Por  Roberto Álvarez Mur

¿Arjona? ¿Publicidades de gaseosa? ¿Teorías de marketing contemporáneo? Es muy poco probable que el paradigma de la retórica Pro tenga su génesis en esos ámbitos. No obstante, en él convive, se mezcla un poco de cada cosa. Ah, y también Miguel Del Sel, como si fuera poco.

El combo macrista ya lleva un buen puñado de años boyando en el escenario político argentino –boletas electorales y globos de colores mediante– en los que desarrollaron una carta de presentación ideológica singular, distinguible desde la General Paz al Riachuelo. A los codazos limpios, los chicos Pro lograron insertarse en un panorama post crisis de los noventa a fuerza de una particular frescura discursiva de formato tipo ONG, alejada del acartonado peso de las ideologías tradicionales –ojo, yo de política no se nada– y, fundamentalmente, de encauzar a los sectores de la clase media malograda luego de la crisis, en una cuasi sensibilidad de participación política renovada, siempre y cuando “que se vayan todos”.

Mientras las filas del partido republicano criollo se nutren de figuras como Cristian Ritondo –vieja escuela del duhaldismo– u Horacio Rodríguez Larreta –¿alguien recuerda quién era interventor de Pami en los noventa, digo, cuando se suicidó un tal Favaloro?–, los jóvenes militantes del Pro invierten su tiempo libre de cursadas de la UCA y se sumergen en los sectores relegados de la Capital Federal para realizar tareas de trabajo social, a dar una mano a los necesitados. ¿Activismo juvenil revolucionario? Tal vez. En algún punto entre un progresismo liberal a medias y una derecha light que pega, pero no tan duro; ahí, se encuentran los chicos Pro, inundando las calles de selfies.

Mientras tanto, los polémicos enrejados de las plazas públicas de la Cuidad ponen el límite de la buena onda y te recuerdan: pertenecés al Conurbano, chau.
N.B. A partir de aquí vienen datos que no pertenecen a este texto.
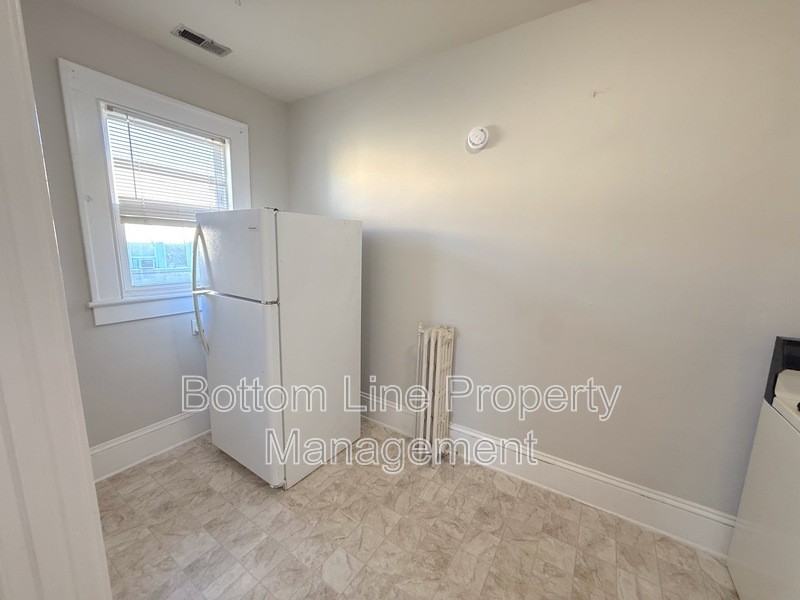 2108 E 7th St #8 - Photo 4 of 7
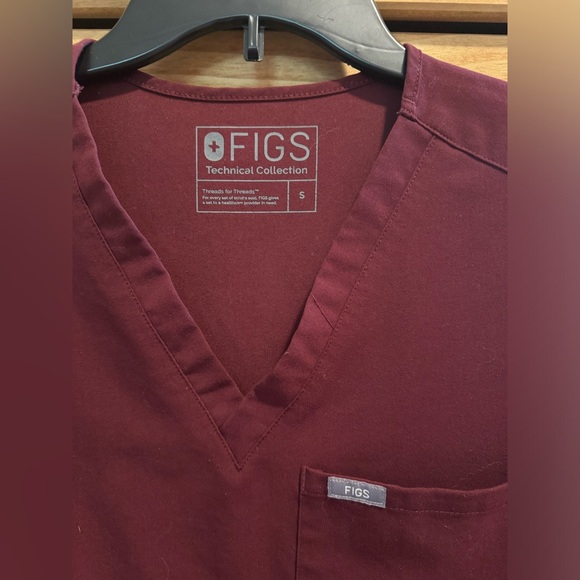 Figs Burgundy Catarina One-Pocket Scrub Top - Picture 2 of 4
El panorama no cambia mucho alejándose del territorio porteño. El reciente revuelo causado por el chauvinismo a prueba de balas del humorista-devenido-diputado Miguel Del Sel provocó un manto de chiflidos que resonó hasta lo más profundo de Avenida del Libertador. La impostura de Del Sel largando guarangadas dignas de un Bukowski litoraleño mostraron el grado cero del vacío existencial del discurso Pro. Lo que durante años se constituyó explícitamente como el costado cool y desenfadado de la nueva política argentina, quedó sepultado –o más bien descubierto– ante el desmadre del petiso ex Midachi. En otras palabras: cartón viejo disfrazado de sushi con champagne. ¿A alguien le suena familiar?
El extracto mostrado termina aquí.